*What is being asked:* Output, exactly as written, the lines of the data below from the one containing "Winter im westukrainischen" to the end.

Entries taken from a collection
•••••

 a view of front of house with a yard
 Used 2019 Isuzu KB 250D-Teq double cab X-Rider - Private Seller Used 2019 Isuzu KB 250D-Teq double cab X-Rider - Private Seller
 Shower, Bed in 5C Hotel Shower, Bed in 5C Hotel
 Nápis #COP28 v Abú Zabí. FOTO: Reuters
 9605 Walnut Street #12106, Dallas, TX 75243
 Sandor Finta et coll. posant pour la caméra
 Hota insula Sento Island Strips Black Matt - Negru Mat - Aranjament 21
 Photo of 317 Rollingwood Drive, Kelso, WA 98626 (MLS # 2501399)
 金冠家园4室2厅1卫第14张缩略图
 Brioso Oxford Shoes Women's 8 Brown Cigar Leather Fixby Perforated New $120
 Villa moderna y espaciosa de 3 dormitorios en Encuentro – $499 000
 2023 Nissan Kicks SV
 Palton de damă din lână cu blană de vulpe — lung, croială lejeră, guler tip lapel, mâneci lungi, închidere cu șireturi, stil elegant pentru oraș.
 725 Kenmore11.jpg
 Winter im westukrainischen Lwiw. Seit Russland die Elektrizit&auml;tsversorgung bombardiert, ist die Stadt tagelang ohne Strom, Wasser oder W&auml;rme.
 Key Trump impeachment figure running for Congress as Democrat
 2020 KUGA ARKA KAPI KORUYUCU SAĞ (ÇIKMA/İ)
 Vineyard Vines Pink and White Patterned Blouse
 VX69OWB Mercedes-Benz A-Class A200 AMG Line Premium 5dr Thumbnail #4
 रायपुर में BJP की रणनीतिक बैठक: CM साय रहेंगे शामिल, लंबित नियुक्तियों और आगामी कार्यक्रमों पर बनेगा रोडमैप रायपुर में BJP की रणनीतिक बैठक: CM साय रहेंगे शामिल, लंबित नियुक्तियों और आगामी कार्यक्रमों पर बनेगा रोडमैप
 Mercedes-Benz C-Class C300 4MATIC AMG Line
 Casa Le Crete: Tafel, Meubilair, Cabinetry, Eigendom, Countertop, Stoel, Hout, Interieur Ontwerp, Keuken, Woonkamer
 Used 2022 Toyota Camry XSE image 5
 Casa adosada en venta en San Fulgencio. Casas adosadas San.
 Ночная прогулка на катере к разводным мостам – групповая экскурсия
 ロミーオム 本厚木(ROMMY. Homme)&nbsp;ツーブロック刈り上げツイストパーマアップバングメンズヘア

•••••

*Finished task:*
 Winter im westukrainischen Lwiw. Seit Russland die Elektrizit&auml;tsversorgung bombardiert, ist die Stadt tagelang ohne Strom, Wasser oder W&auml;rme.
 Key Trump impeachment figure running for Congress as Democrat
 2020 KUGA ARKA KAPI KORUYUCU SAĞ (ÇIKMA/İ)
 Vineyard Vines Pink and White Patterned Blouse
 VX69OWB Mercedes-Benz A-Class A200 AMG Line Premium 5dr Thumbnail #4
 रायपुर में BJP की रणनीतिक बैठक: CM साय रहेंगे शामिल, लंबित नियुक्तियों और आगामी कार्यक्रमों पर बनेगा रोडमैप रायपुर में BJP की रणनीतिक बैठक: CM साय रहेंगे शामिल, लंबित नियुक्तियों और आगामी कार्यक्रमों पर बनेगा रोडमैप
 Mercedes-Benz C-Class C300 4MATIC AMG Line
 Casa Le Crete: Tafel, Meubilair, Cabinetry, Eigendom, Countertop, Stoel, Hout, Interieur Ontwerp, Keuken, Woonkamer
 Used 2022 Toyota Camry XSE image 5
 Casa adosada en venta en San Fulgencio. Casas adosadas San.
 Ночная прогулка на катере к разводным мостам – групповая экскурсия
 ロミーオム 本厚木(ROMMY. Homme)&nbsp;ツーブロック刈り上げツイストパーマアップバングメンズヘア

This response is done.